> _DATASET SECTION_
▬▬▬▬▬▬
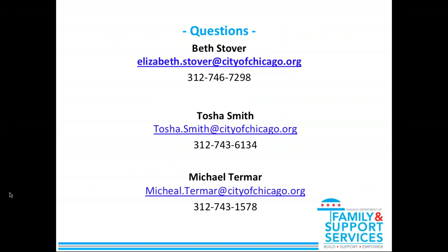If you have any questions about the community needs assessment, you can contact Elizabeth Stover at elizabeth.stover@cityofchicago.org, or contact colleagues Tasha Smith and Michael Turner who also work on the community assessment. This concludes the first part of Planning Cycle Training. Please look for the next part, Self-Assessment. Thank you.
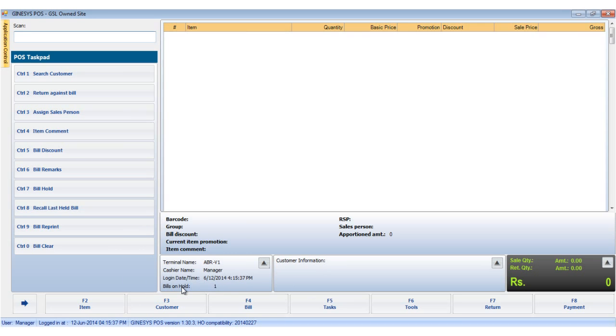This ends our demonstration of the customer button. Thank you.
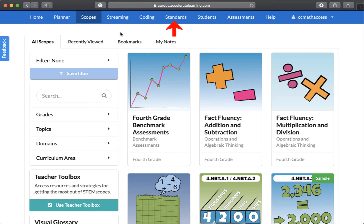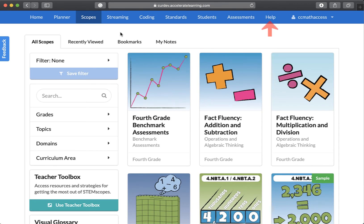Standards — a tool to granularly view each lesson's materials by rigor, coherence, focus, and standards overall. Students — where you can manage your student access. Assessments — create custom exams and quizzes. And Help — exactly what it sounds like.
▬▬▬▬▬▬
> _PROBLEM TO SOLVE_
When copying, output the data exactly and leave out the pictures.

> _PROBLEM SOLUTION_
If you have any questions about the community needs assessment, you can contact Elizabeth Stover at elizabeth.stover@cityofchicago.org, or contact colleagues Tasha Smith and Michael Turner who also work on the community assessment. This concludes the first part of Planning Cycle Training. Please look for the next part, Self-Assessment. Thank you.
This ends our demonstration of the customer button. Thank you.
Standards — a tool to granularly view each lesson's materials by rigor, coherence, focus, and standards overall. Students — where you can manage your student access. Assessments — create custom exams and quizzes. And Help — exactly what it sounds like.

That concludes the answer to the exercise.